03 December 2007

Back To School

I was recently tagged for a meme by Crown Princess.

Rules: Devise a list of 5-10 courses you would take to fix your life. It's more fun to be in classes with friends, so include one class from the person who tagged you that you'd also like to take. Tag five.

Ok, here's the list:

911 101: After working as a dispatcher i REALLY wish this course was offered. To call into the EMERGENCY operator because you want to know if it is safe to drive from Amarillo to Tulia during the Tornado Watch is NOT acceptable. Nor is calling into report you are unhappy with the quality of the ILLEGAL drugs you just purchased.

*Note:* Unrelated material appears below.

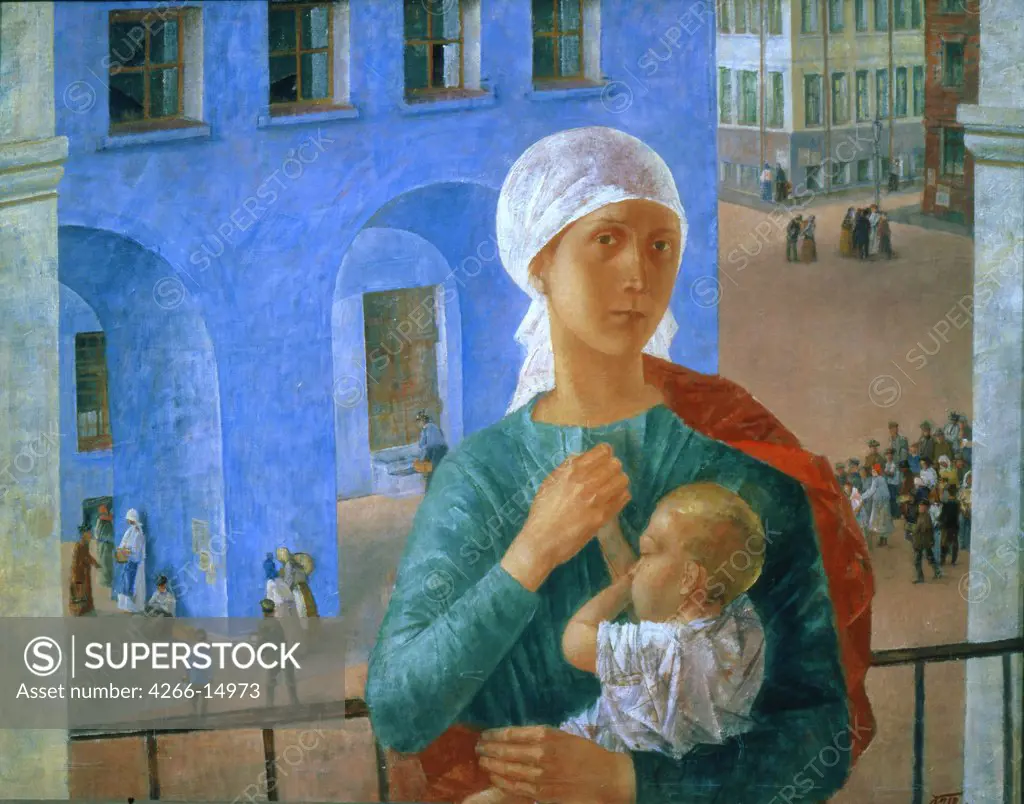 Mother holding her baby by Kuzma Sergeyevich Petrov-Vodkin, Oil on canvas, 1920, 1878-1939, Russia, Moscow, State Tretyakov Gallery, 73x92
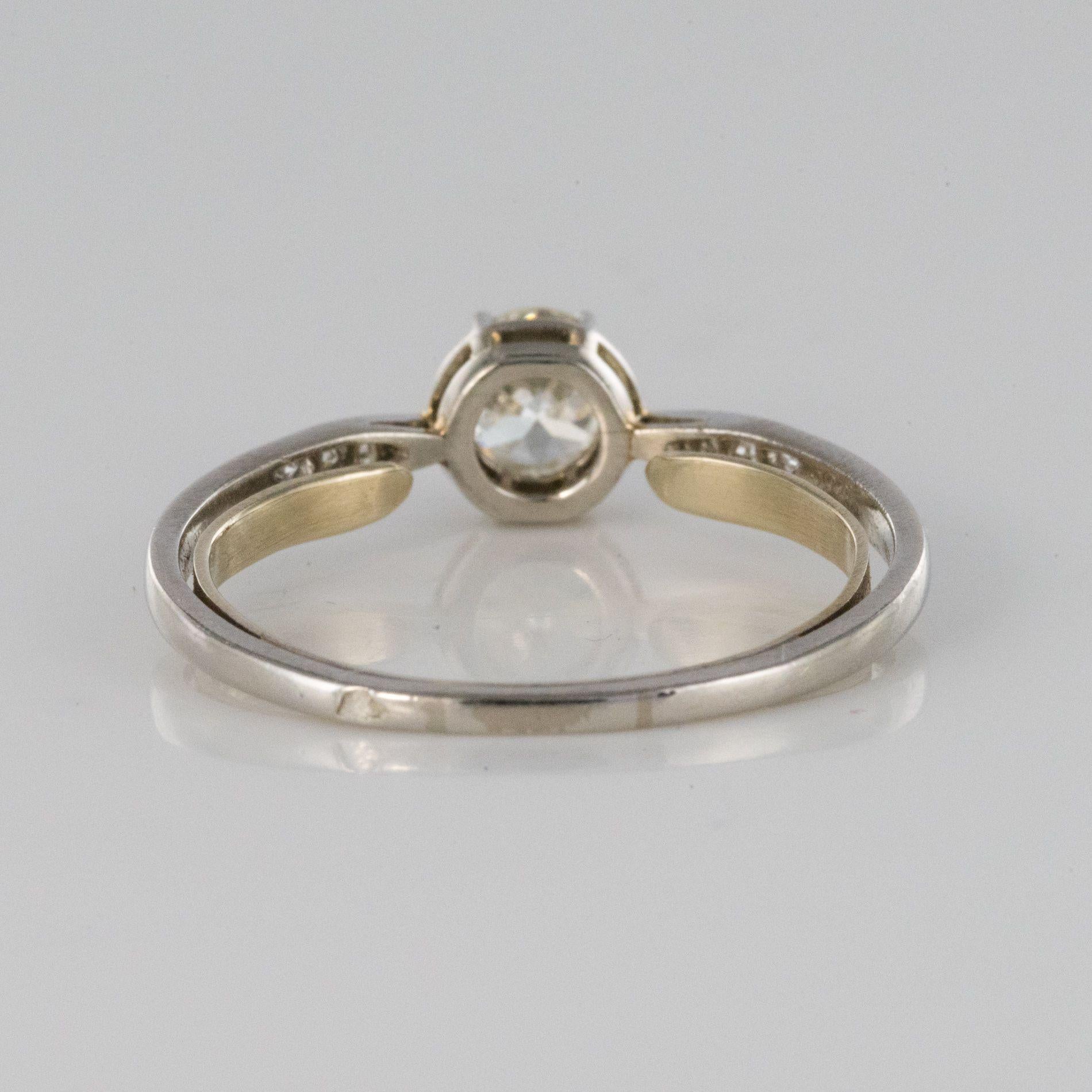 French 1930s Platinum Diamond Solitaire Ring 6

Applied Mathematics For Inmates: Learn how to calculate the profit you would make from throwing contraband over a prison fence. Be one step ahead of that gang associated "insurance collector" by figuring out how many 19 cent Ramen Noodle packs will equal a week's worth of protection money. Prerequisite: Home Ec for Thugs.

Low Income Housing Survival Skills: Learn how to lite the pilot light of that out of code/red tagged furnace in your home. Course includes how to cannibalize that recently vacant housing unit next door for spare parts like door knobs, a/c units, and plumbing fixtures. This course is required before taking How to Litigate Against Slum Lords.

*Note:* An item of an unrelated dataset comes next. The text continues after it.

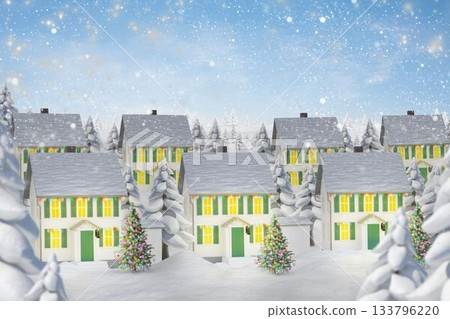 Snow-covered cottages with lit windows and decorated trees are sitting in flat design winter scene Snow-covered cottages with lit windows and decorated trees are sitting in flat design winter scene 133796220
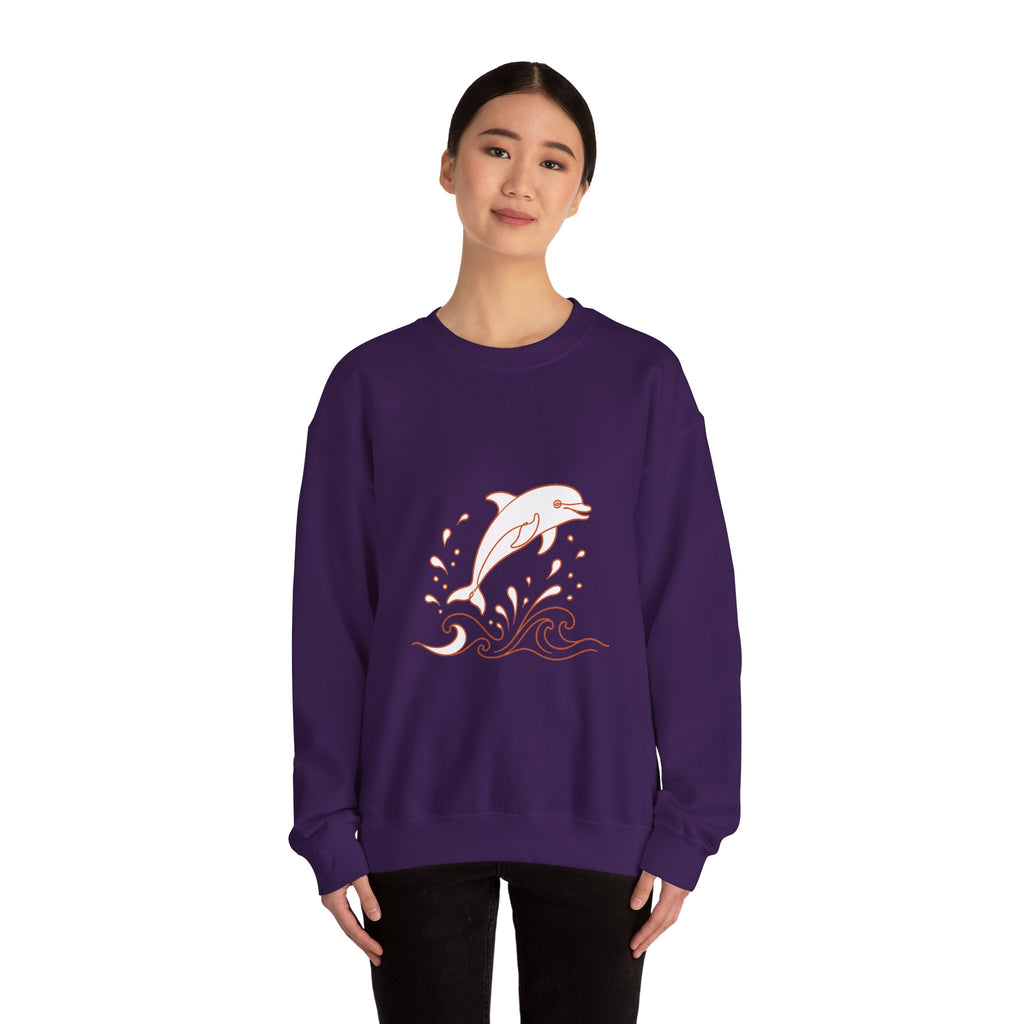 Matching Couple Sweatshirt - Shark & Dolphin Matching Couple Crewneck Sweatshirt Minimalist Art His Hers Valentine Gift - Design B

Reality Small Town Living: Surviving as a new resident in a "close knit" community can be trying at times. Learn how to buy yourself into the most influential church in the town. Explore the alternatives to welfare living by agreeing to work for a substandard employer. Gain the knowledge needed to navigate through a good ole boy form of government. Related Course:Finding the best police department that money can buy.

Wal Mart-The Ritual: There is a high chance that Wal Mart is the only store left in town. Everyone else was either closed down, or ran out. Learn the most time efficient methods to used during that "weekly supply run". Learn to identify what is the "safe time zone" to shop there before the freaks come out of the woodwork just to hang out at Wal Mart. Avoid getting assaulted by the infamous greeter when that stupid sensor detector sounds an alarm as you attempt to exit the store with items you really paid for. Prerequisite: Extreme Monopoly

I have no clue who to tag for this one.


Sandy said...

I LOVE your courses! WalMarts in small towns (I have no experience with WalMarts in large towns) are some of the best/scariest entertainment in the world!

PS: Our WalMart had the ramen noodles at 10 for a buck the other day! Whoo hoo!

Crown Princess said...

Rob Cop,

Thanks for playing, yours are some of the best, and informational, classes offered. I can tell you how many .19 Ramens it takes...lol.